Explicaba el filósofo americano Richard Rorty, que los derechos humanos son cuestión de mera sentimentalidad; se los otorgamos pseudo-racionalmente a quien sentimos como nosotros, a la vez que se los negamos a quien percibimos como algo ajeno a nuestra especie, a quien no consideramos humano. Esa deshumanización parece tener un perverso efecto reflejo: en el acto de la destrucción del otro se refrenda la humanización del yo. Es decir, que la realización de los valores occidentales (supuestamente antiterroristas) se verifica en la eliminación de los valores ajenos (todos los que nos huelan a terrorismo). Además creemos que esta operación nos eximirá en un futuro de cualquier juicio histórico o que, por lo menos, este juicio no se hará a partir de la moralidad, pues el comportamiento específicamente moral no se exige frente a quien no es humano, frente a quien es terrorista.
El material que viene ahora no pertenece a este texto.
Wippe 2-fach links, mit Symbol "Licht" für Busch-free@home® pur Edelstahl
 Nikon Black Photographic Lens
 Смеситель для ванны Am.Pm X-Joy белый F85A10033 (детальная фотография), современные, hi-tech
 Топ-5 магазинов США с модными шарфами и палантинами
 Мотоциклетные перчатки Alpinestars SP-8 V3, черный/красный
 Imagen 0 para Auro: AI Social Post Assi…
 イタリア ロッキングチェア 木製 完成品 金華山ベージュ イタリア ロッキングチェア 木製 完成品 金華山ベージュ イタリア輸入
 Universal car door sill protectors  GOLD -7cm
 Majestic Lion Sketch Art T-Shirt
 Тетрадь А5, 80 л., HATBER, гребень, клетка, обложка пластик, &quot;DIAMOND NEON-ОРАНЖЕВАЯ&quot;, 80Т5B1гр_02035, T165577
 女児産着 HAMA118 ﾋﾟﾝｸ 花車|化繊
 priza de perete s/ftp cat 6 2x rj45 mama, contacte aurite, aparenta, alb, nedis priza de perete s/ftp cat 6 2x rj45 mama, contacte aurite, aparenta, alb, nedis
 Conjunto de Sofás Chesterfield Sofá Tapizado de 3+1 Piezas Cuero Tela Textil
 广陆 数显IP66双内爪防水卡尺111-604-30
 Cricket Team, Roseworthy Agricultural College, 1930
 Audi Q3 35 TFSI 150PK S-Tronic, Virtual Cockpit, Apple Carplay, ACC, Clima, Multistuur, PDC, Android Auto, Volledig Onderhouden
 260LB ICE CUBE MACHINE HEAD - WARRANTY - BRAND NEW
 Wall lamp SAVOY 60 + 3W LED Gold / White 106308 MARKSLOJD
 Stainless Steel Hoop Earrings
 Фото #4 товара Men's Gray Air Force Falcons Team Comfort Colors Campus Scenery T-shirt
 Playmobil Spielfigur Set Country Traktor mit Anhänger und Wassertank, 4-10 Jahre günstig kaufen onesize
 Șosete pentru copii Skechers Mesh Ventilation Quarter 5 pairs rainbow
El problema entonces se remite a otra instancia: averiguar quién es terrorista. En el siglo XIX y en la primera mitad del XX existían numerosas organizaciones alrededor del mundo que describían sus propios actos como «terroristas», afirmando que eran la única forma de presionar para el logro de sus cometidos. De hecho, durante la Segunda Guerra Mundial los movimientos de liberación nacional de los países ocupados recurrieron a aplaudidas tácticas terroristas contra los invasores. Hoy, es común encontrar asesinos en masa, sicarios, traficantes, torturadores, sicópatas, o violadores que admiten su condición criminal -y algunos hasta con cierto orgullo- pero, extrañamente, a partir de los años cincuenta ninguno de ellos se haría llamar a sí mismo «terrorista».

Es un término muy raro, adjetivo y sustantivo que sólo se usa como parámetro para definir personas o conductas ajenas, mas nunca las propias. En cualquier contienda contemporánea, los bandos se incriminan mutuamente de terroristas: el «terrorismo global» de Estados Unidos y sus esbirros contra el «terrorismo islamista», el «terrorismo de Estado» ejercido por el gobierno colombiano contra el «narcoterrorismo» de las Farc, el «terrorismo de liberación» de los palestinos contra el «terrorismo de ocupación» israelí; etc… Si nos remitimos a la definición del diccionario (sucesión de actos violentos ejecutados para infundir terror) resultará que todos ellos son terroristas.

Como es usual, los grandes medios de comunicación salen a nuestro rescate relevándonos de pensar, diciéndonos a quién podemos o debemos calificar como «terrorista». La legitimidad del término depende de quien lo use, independientemente de su propia conducta. Por ello, si los dioses de Occidente o sus legiones cometen actos de violencia o crueldad desproporcionada con el fin de amedrentar a la población enemiga, a lo sumo se les podrá acusar de exceso de poder, violación del Derecho Internacional Humanitario y los derechos humanos, o de cualquier otro tecnicismo, pero nunca de terroristas.

La identificación del caníbal no adolecía de estos problemas pues se refería únicamente al consumo de carne humana, sin atender al color de la piel que cubría la carne. Aún así, la historia nos mostró que casi la totalidad de las inculpaciones de antropofagia a los pueblos inéditos eran sólo un pretexto para desapropiarlos y sojuzgarlos. De todas ellas sólo quedó un puñado de casos comprobados de lo que los antropólogos llaman «canibalismo ritual». Éste último sí puede tener su par en el terrorismo presente. Gracias a ese otro invento redentor del mundo que es la democracia, la voluntad de los dioses contemporáneos sólo puede ser alterada mediante el estremecimiento de la opinión pública. Los caníbales de la actualidad convierten a los medios de comunicación en un sucedáneo de la ceremonia de ofrenda, pues la existencia de la democracia representativa permite que la opinión pública sea el ámbito ritual del terrorismo.

Como ya está demodé todo lo post, y nos arrastramos por los charcos de lo neo, me pregunto si el neocolonialismo tiene en el terrorismo a su «neocanibalismo», y me pregunto si aquí, como antes, se volverá a cumplir la pesadilla de Bernard Shaw en la que los misioneros terminaron comiéndose a los caníbales.